**YOUR OBJECTIVE**
Return only the lines running from the one that contains "Epitoniidae" through the end of the entries, exactly, both ends included. Omit pictures.

RECORDS PROVIDED Start Marker

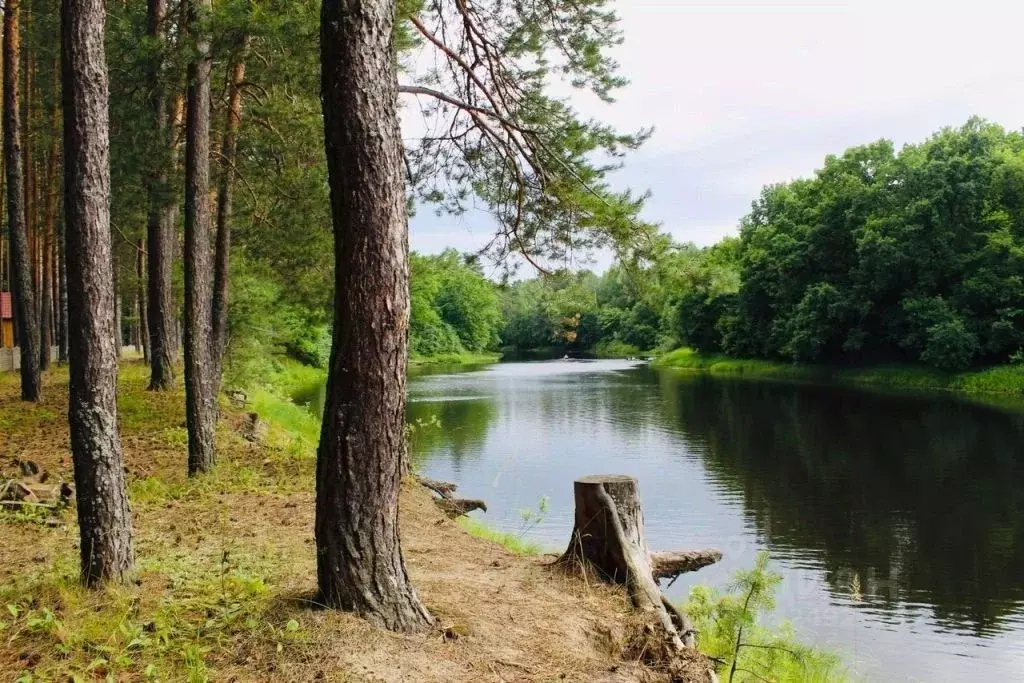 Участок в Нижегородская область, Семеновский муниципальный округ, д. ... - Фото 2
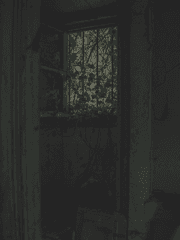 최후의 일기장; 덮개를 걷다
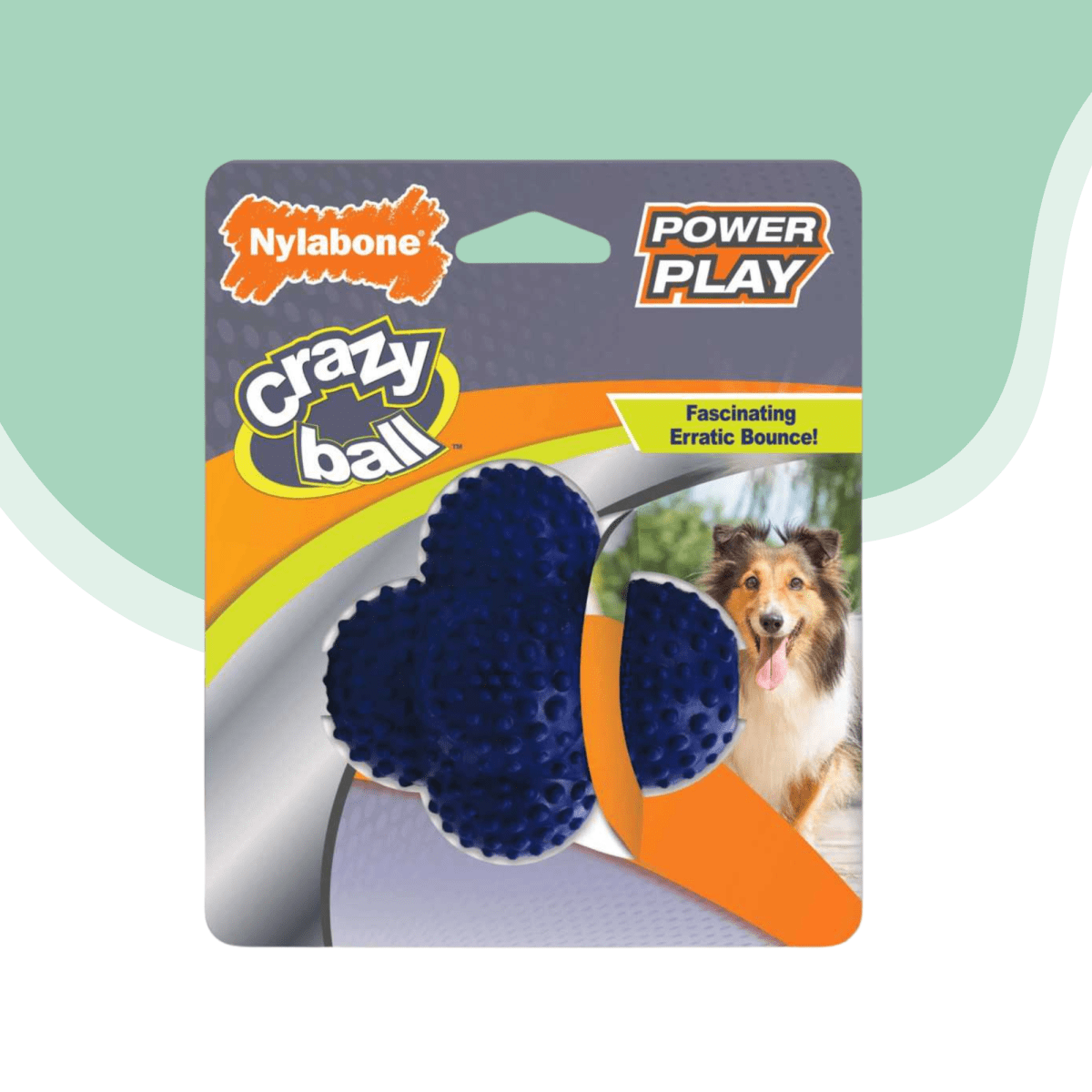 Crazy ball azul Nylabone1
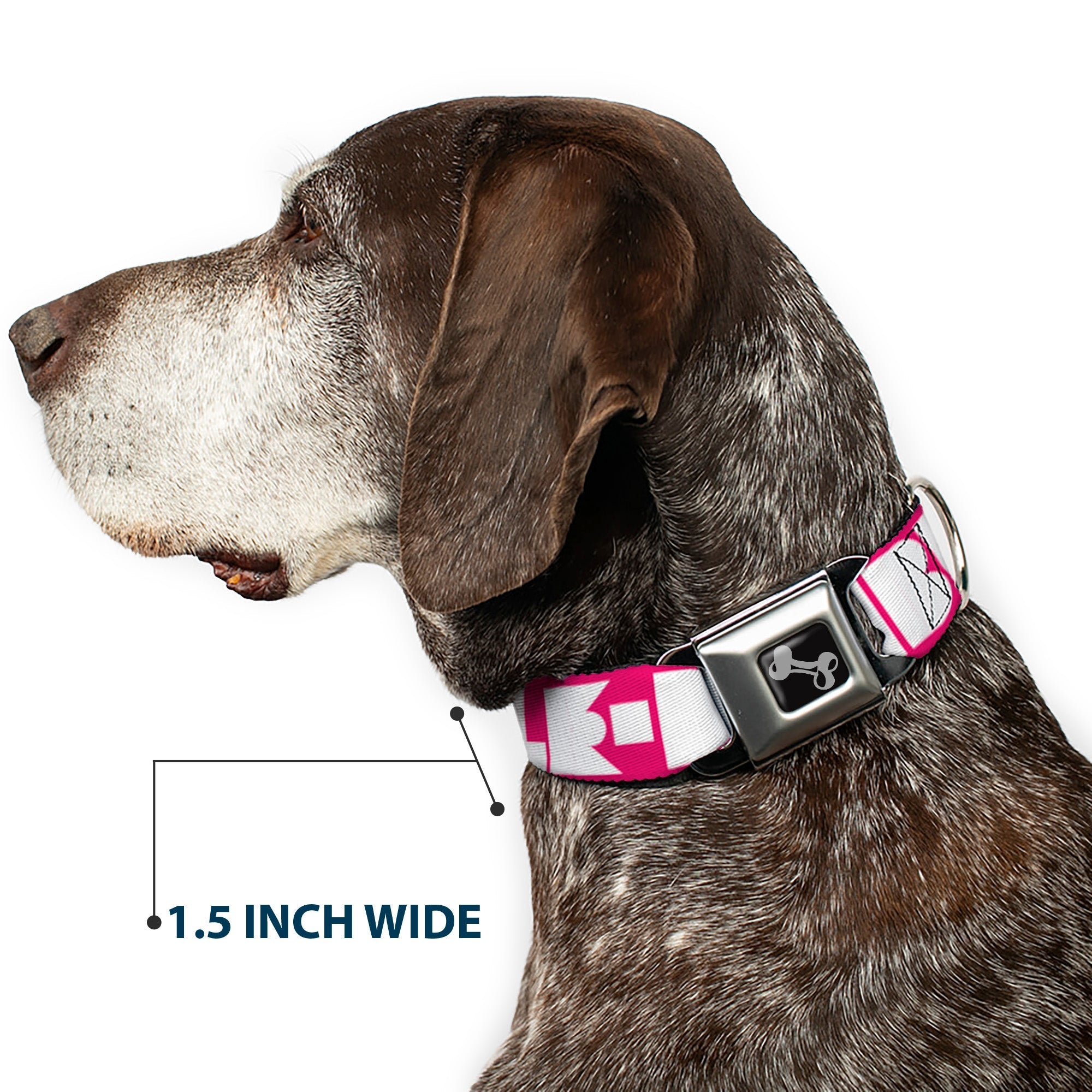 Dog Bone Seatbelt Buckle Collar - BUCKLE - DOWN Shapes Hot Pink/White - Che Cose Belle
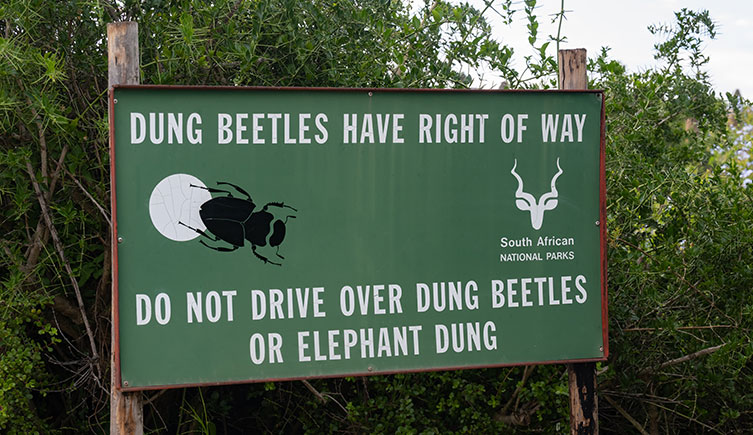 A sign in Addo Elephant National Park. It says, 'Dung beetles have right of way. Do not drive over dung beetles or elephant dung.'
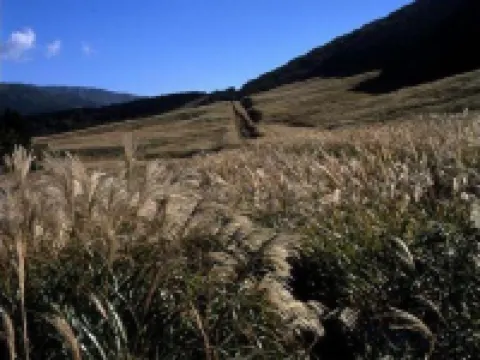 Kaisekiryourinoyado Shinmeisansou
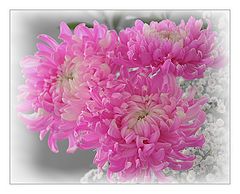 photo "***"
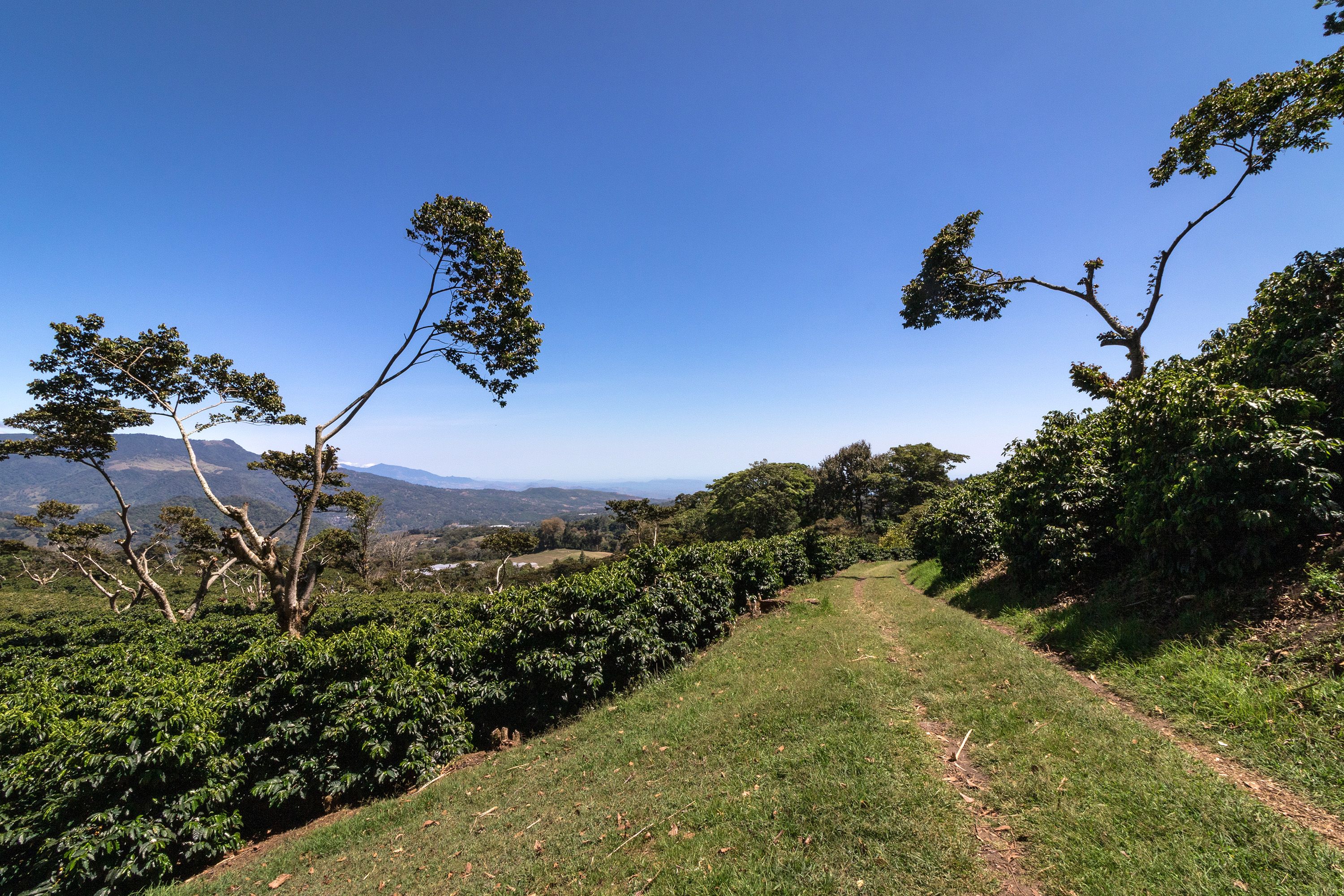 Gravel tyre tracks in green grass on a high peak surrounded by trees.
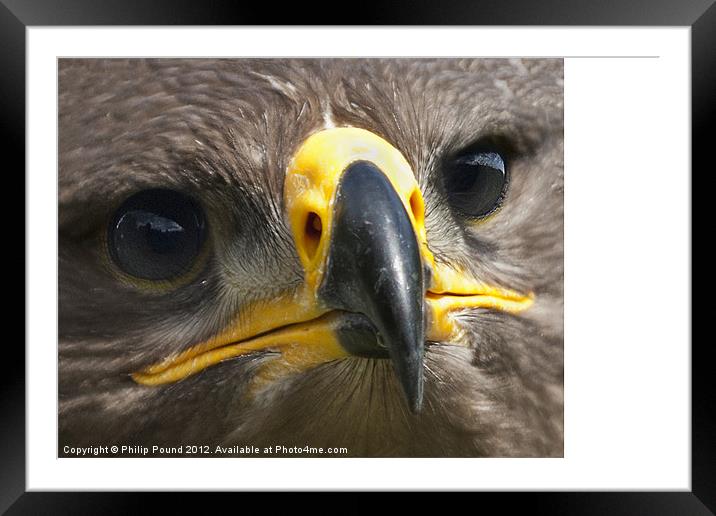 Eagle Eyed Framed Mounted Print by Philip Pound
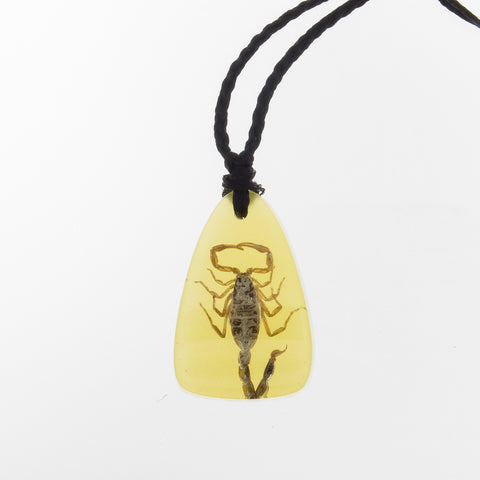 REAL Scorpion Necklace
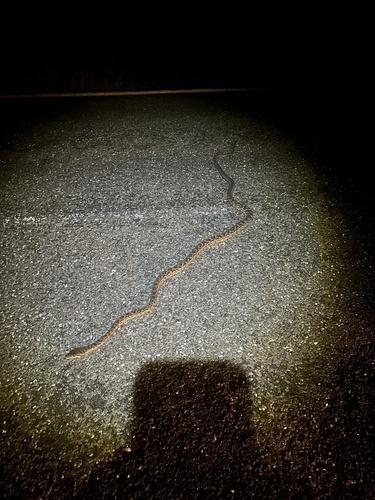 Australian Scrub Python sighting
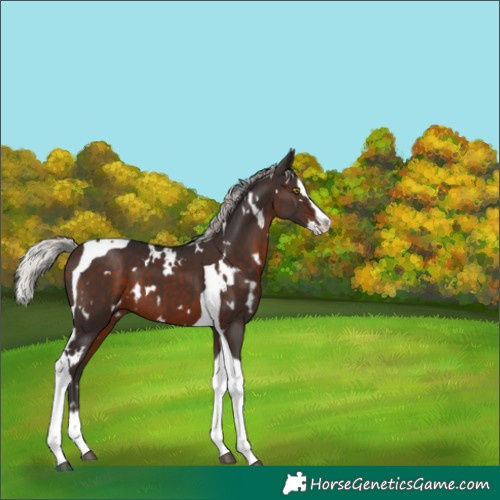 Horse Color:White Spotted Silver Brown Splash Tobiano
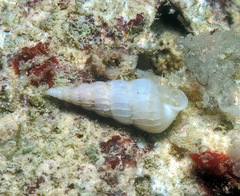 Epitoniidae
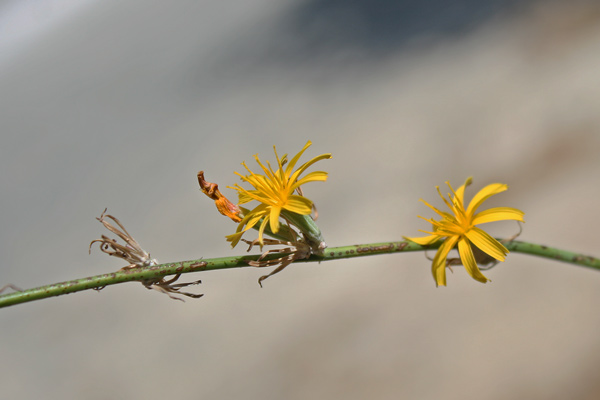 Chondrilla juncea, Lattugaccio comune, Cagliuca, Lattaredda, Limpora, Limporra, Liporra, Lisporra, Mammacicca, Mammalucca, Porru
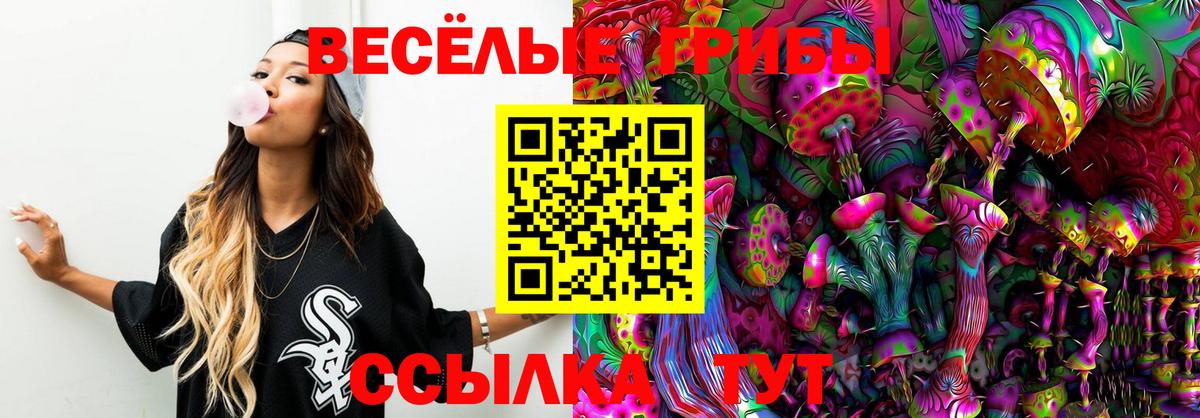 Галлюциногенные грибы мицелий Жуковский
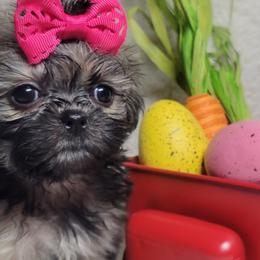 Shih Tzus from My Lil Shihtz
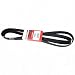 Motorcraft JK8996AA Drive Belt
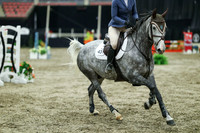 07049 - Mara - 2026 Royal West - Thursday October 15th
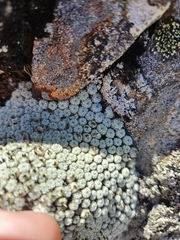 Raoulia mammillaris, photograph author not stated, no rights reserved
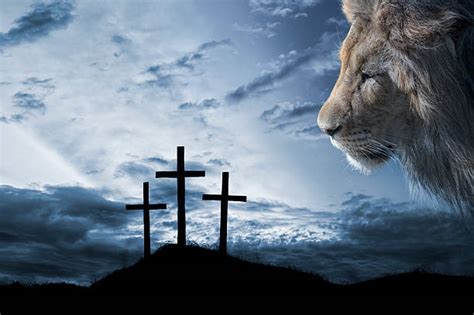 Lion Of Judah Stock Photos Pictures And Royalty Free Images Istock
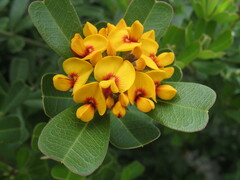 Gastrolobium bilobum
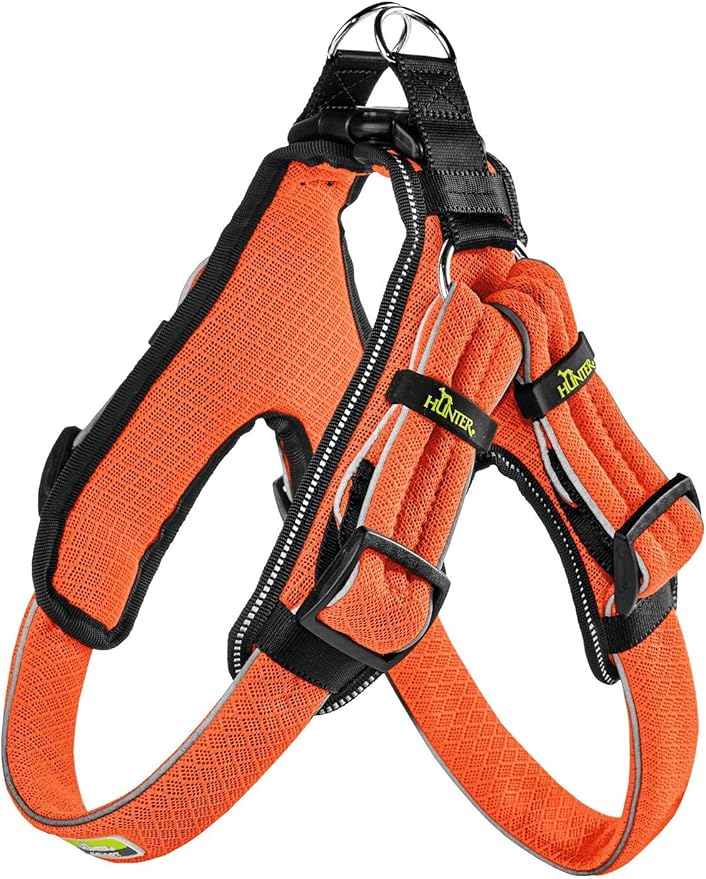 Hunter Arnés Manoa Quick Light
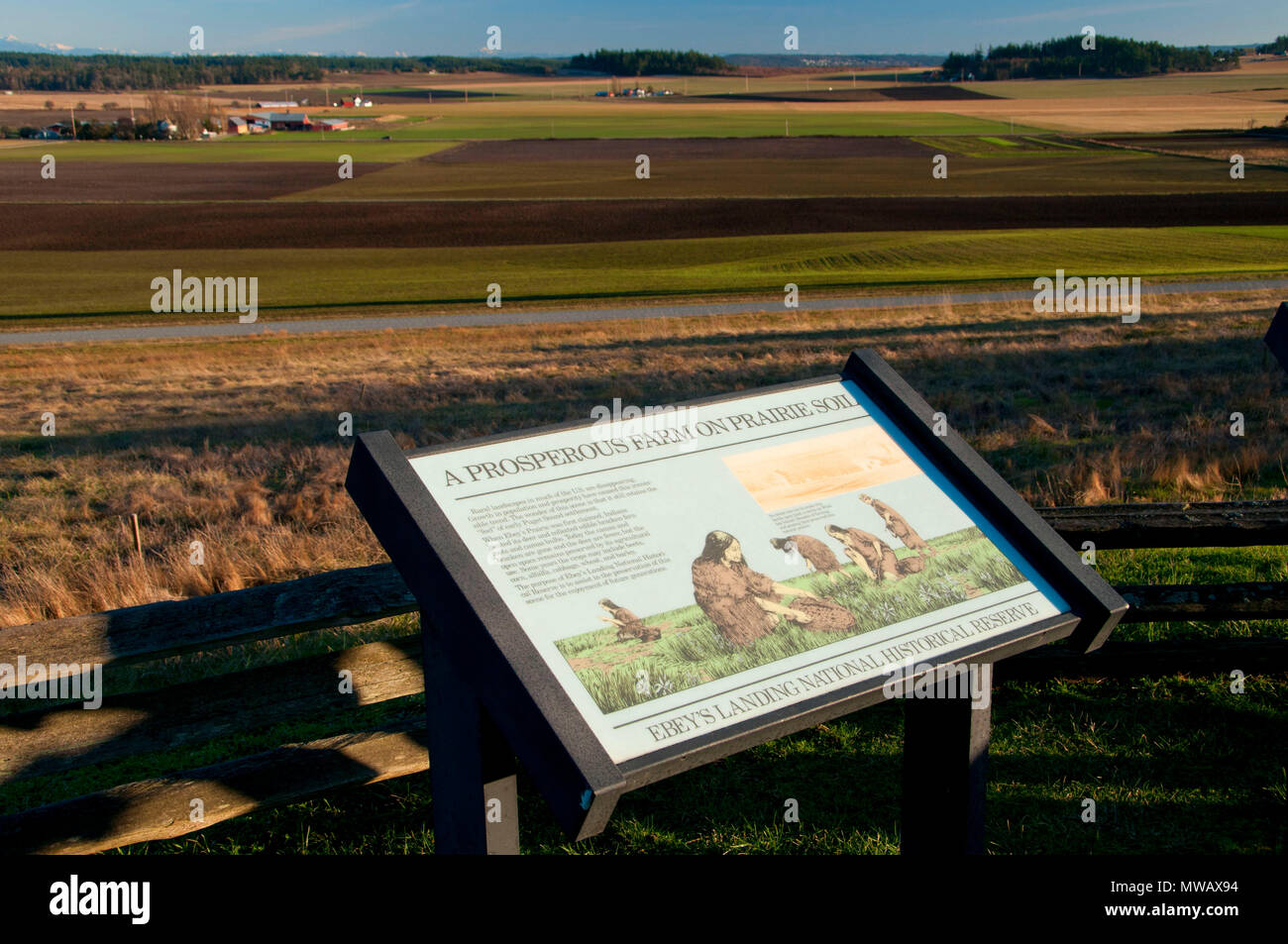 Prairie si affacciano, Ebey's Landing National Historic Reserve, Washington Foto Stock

RECORDS PROVIDED End Marker

**FINISHED TASK**
 Epitoniidae
 Chondrilla juncea, Lattugaccio comune, Cagliuca, Lattaredda, Limpora, Limporra, Liporra, Lisporra, Mammacicca, Mammalucca, Porru
 Галлюциногенные грибы мицелий Жуковский
 Shih Tzus from My Lil Shihtz
 Motorcraft JK8996AA Drive Belt
 07049 - Mara - 2026 Royal West - Thursday October 15th
 Raoulia mammillaris, photograph author not stated, no rights reserved
 Lion Of Judah Stock Photos Pictures And Royalty Free Images Istock
 Gastrolobium bilobum
 Hunter Arnés Manoa Quick Light
 Prairie si affacciano, Ebey's Landing National Historic Reserve, Washington Foto Stock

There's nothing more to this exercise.